Monday, 23 November 2009

So Much to Learn at a Concert

So, I went to see The Glorious Unseen in concert last night. If I had the choice to go again, I probably wouldn't. I like their albums, but the concert was just not my thing. Altogether, it was really, really loud. I think I felt just about every organ in my body vibrating. And although many of the songs had beautiful lyrics, the singer's voice was at times drowned out, and all I was hearing at times was just a bunch of noise. Some people may wonder why I don't like the really hard Christian music, and it's really just that; a whole ton of noise.

Now, I'm by no means "dissing" this group; I like their recorded albums and will continue to listen to them. They have some beautiful, very prayerful songs. But the thing was, I found myself thinking, how is God possibly going to speak and make His presence known through all this noise? However, I prayed that God would allow me to not be judgmental and show me something through it; to truly look past what I saw and heard around me. He didn't speak to me through the music, but through other things and in thinking over things later on in the evening.

Actually, the first thing was really the noise. I didn't think the Spirit could speak through the noise, and although I'm sure He can, I believe there is some truth to that. I was reminded of an account in the Old Testament where God displayed some mighty things to Elijah:

"And he said, Go forth, and stand upon the mount before the LORD, And, behold, the LORD passed by, and a great and strong wind rent the mountains, and brake in pieces the rocks before the LORD; but the LORD was not in the wind: and after the wind an earthquake; but the LORD was not in the earthquake:
And after the earthquake a fire; but the LORD was not in the fire: and after the fire a still small voice."
--1 Kings 19:11, 12

When I read this passage, I hear a lot of noise, but God didn't speak in the midst of any of that. He waited until it was calm and quiet. And seeing as He spoke in a still small voice, Elijah wouldn't have heard it anyway. Now, music aside, what kind of "noise" do we have in our lives that may prevent God from speaking? Maybe it is literal noise, maybe you always have music playing, whatever it is you're doing. But what about the other things that fill up and clutter your life, things you constantly have going on, things you're always busy with? These things may not necessarily be bad; they may actually be very good. But could it be that you're surrounding yourself with so much "noise" that God is unable to speak, or that you are unable to hear Him when He does?
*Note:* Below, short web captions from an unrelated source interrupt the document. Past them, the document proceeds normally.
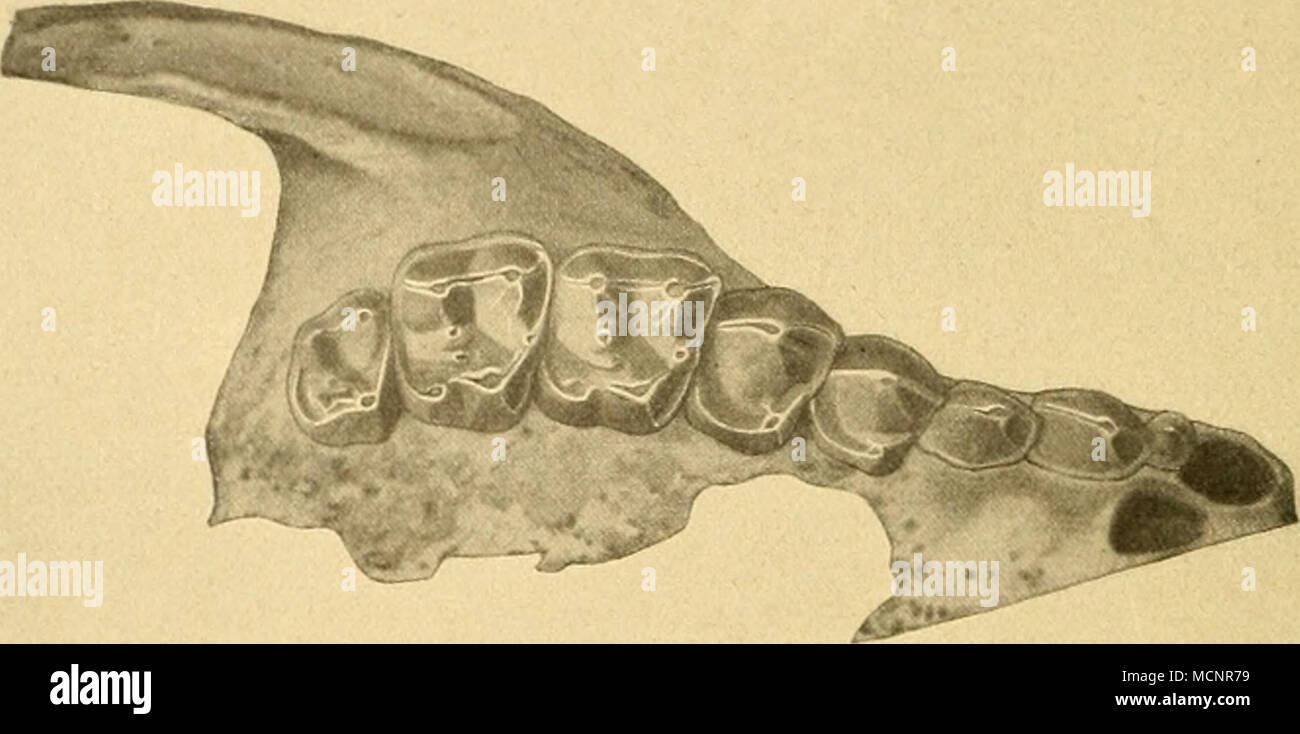 . Figur CCCV. Necrolemur aiiliquus Filliol var. major St. — Rechter Oberkiefer mit M3 —J. , (J3 V) luid Alveolus von -li (-Jj ?). — Pliosphorit von Larnagol, Basler Sammlung Q. H. 470. — Vi. Vordercontonr. Bei der Varietas major mögen beide Zähne sagittal eine Spur gedehnter sein als beim typischen Necrolemur autiquus, doch ist die Differenz sehr unbedeutend. Alle vier Kronenecken sind etwas abgerundet, am meisten die hintere Innenecke. Beide Zähne sind deutlich sechshüglig und stimmen auch in der Detail- structur nahe mit einander überein. Die beiden Aussenhügel, von denen der vordere den hin Stock Photo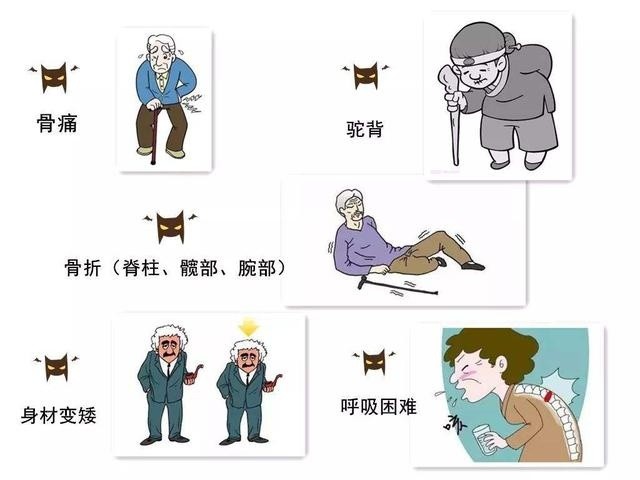 骨质疏松症易"招惹"!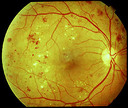 EyeSite of The Villages - optometrist eye exams eyeglasses optical lab fl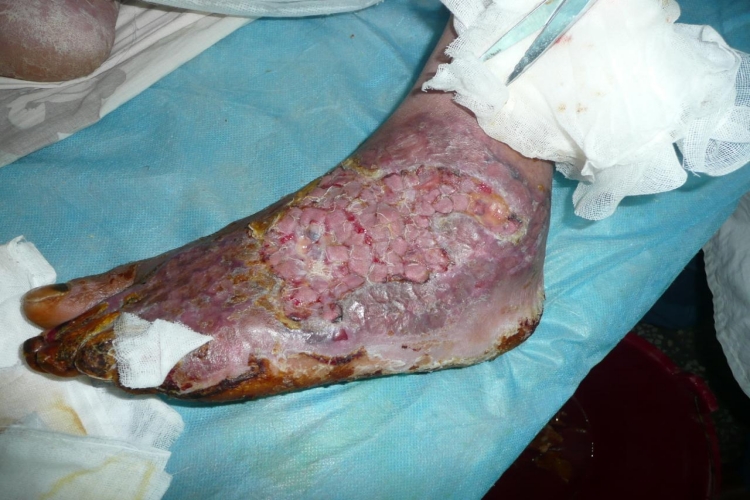 糖尿病脚部溃疡糜烂图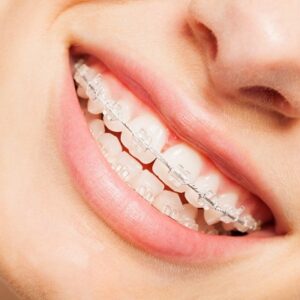 Blog 1 Ceramic Braces Cost in Abu Dhabi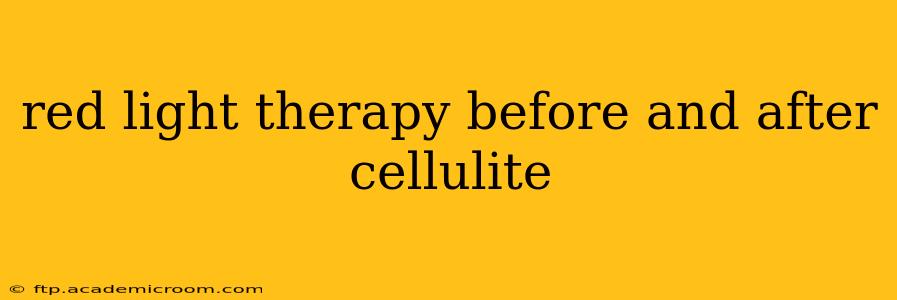 red light therapy before and after cellulite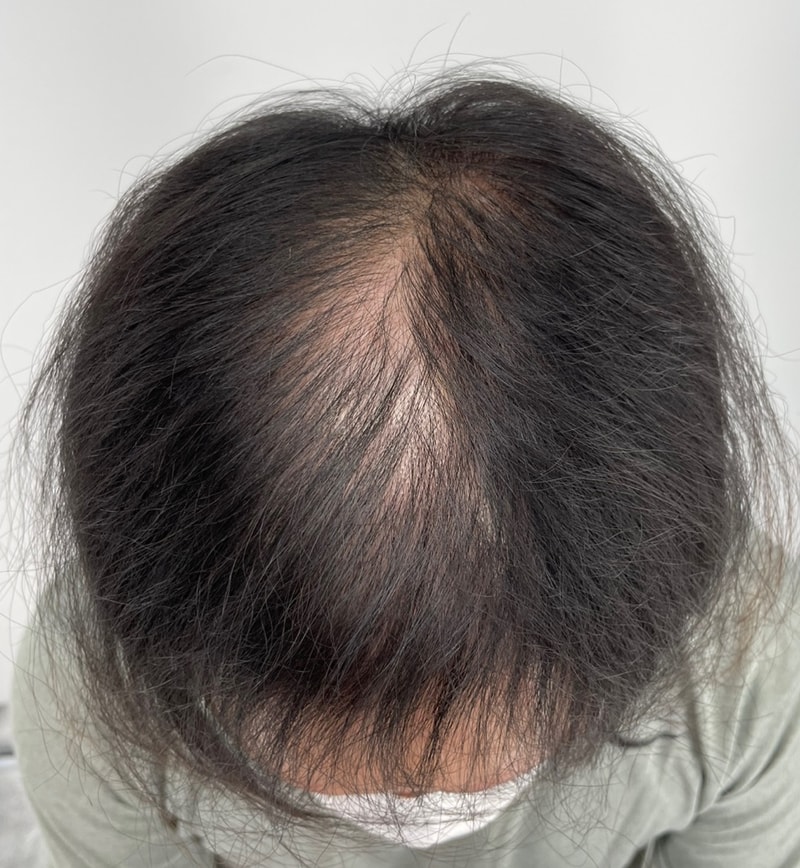 ニューヘアー江南店 smp施術体験談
The other thing that stuck out to me was the Gospel message shared at the concert. At first, I kind of groaned within myself for several reasons: the man used a different Bible translation I wasn't familiar with and wasn't sure I liked, I wasn't crazy about the way he started off, and it was based on the parable of the prodigal son, which I was all too familiar with and hear the passage spoken on all too often, or so I thought. But I learned something very unexpected: it's great to hear the same thing again from a total new perspective. He brought out new points and insights that were totally new to me, things that I had never thought of or heard anybody speak on before. It gave me a new appreciation for the passage and for the insight of other teachers.

Last, was not really something I learned, but rather something I was amazed and challenged by. During the concert, The Glorious Unseen sang the song How He Loves Us, which was not written by this group. It was not my favourite song, but has an amazing story behind it, which you can hear from the writer personally here if you want, but I'll share the gist of it as well, as well as my thoughts. The morning before the person wrote this song a few years ago, his best friend who was a youth leader was in a prayer meeting. And he prayed that if God would shake the youth of the nation, he would give up his life. He said he would die today if it meant that God would shake the youth of the nation. He died that night in a car accident. The writer of this song trusted that if God heard the first part of the prayer, he would follow through with the second. And although this man, who became a youth leader himself, saw many wonderful things, he didn't see a movement happen. This song that he wrote the morning after his friend's death, actually did end up changing the lives of many teens.

I believe this song is only a small part of that man's prayer. I mean, here was a man who not only prayed for change, but laid His life before God, ready to die, if it only meant that God would bring change. It's amazing for me to think of the possibility of our generation turning their lives over to the Lord and living lives surrendered to Him is because of a man's prayer and sacrifice. I also believe that the Rebelution is one such movement that is an answer to this man's prayer and death. I believe that God is working and He will fulfill that man's request. His death shall not be in vain. How will you respond? Will you surrender up your life to God, living it fully for Him, laying aside all the cares and things this world has to offer, and follow Jesus no matter what the cost?

To close, I apologize for my lack of blogging this year. It has been a busy one, but it's also been a good one, in which I have seen many amazing things. I'm done school now, and with having some more free time on my hands, I hope to post more consistently, if anybody's still paying attention. Blessings!

1 comment:

  1. I'm paying attention! I love your posts, Margaret. You always make me stop and think. Thank you!